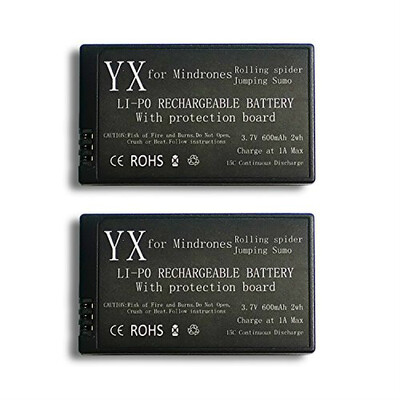 

RCstyle 2шт замена 3.7 V 600мач литий-po батарея Вт/цепь защитный IC для попугая MiniDrones прыжки сумо прокатки Паук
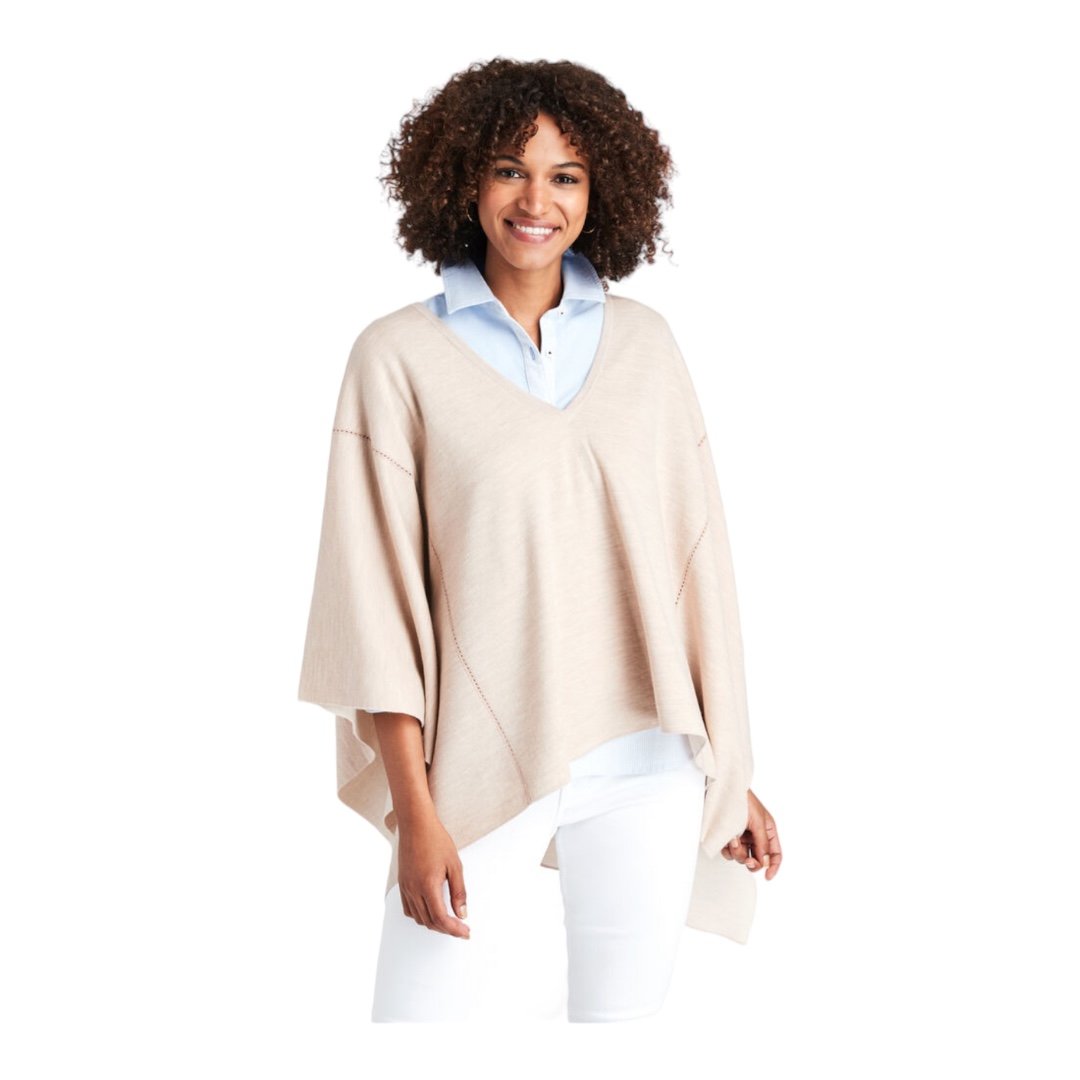 Vineyard vine Reversible V-Neck Poncho size XS/S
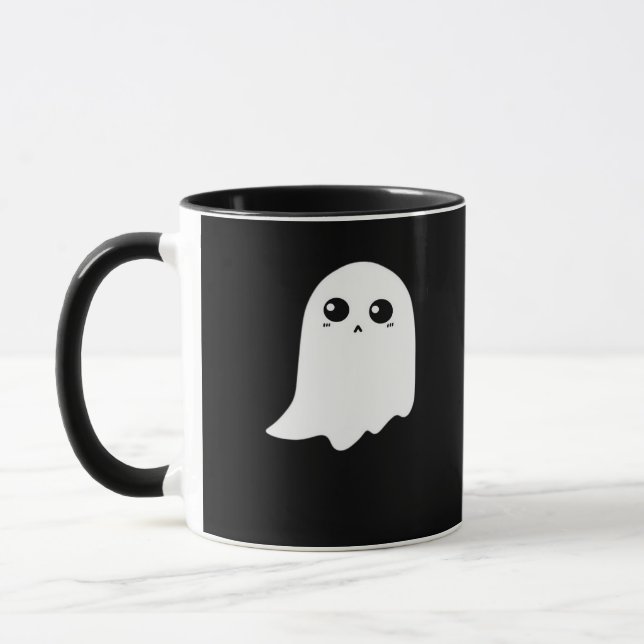 Caneca Little Boo Engraçado Meme (Esquerda)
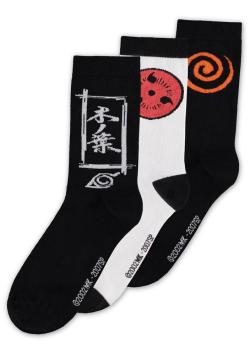 Socks 3-Pack Sasuke Symbol Size 39-42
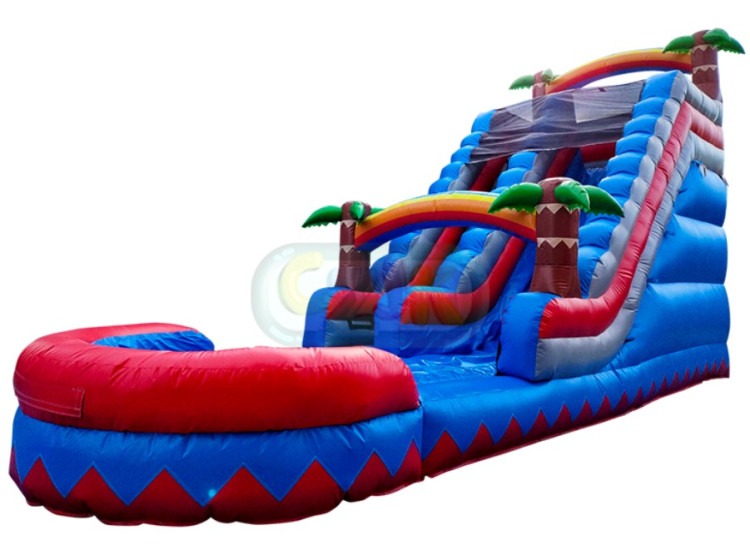 Red and Blue Coconut Tree Slide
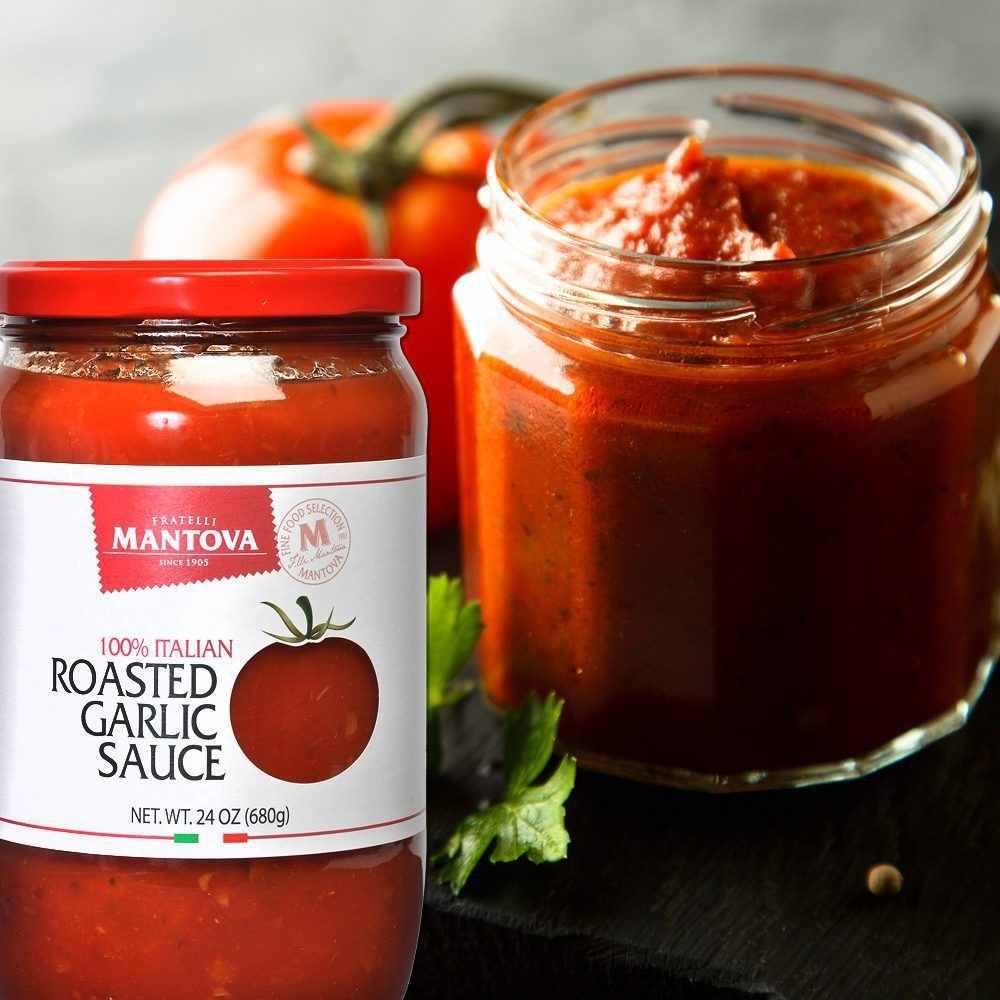 Roasted Garlic Tomato Sauce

++++++++++++++++++++

### Exercise instructions
Only the lines from the one containing "Red and Blue Coconut Tree Slide" through the last line of the entries should be transcribed, exactly and with no pictures.

### Exercise answer
 Red and Blue Coconut Tree Slide
 Roasted Garlic Tomato Sauce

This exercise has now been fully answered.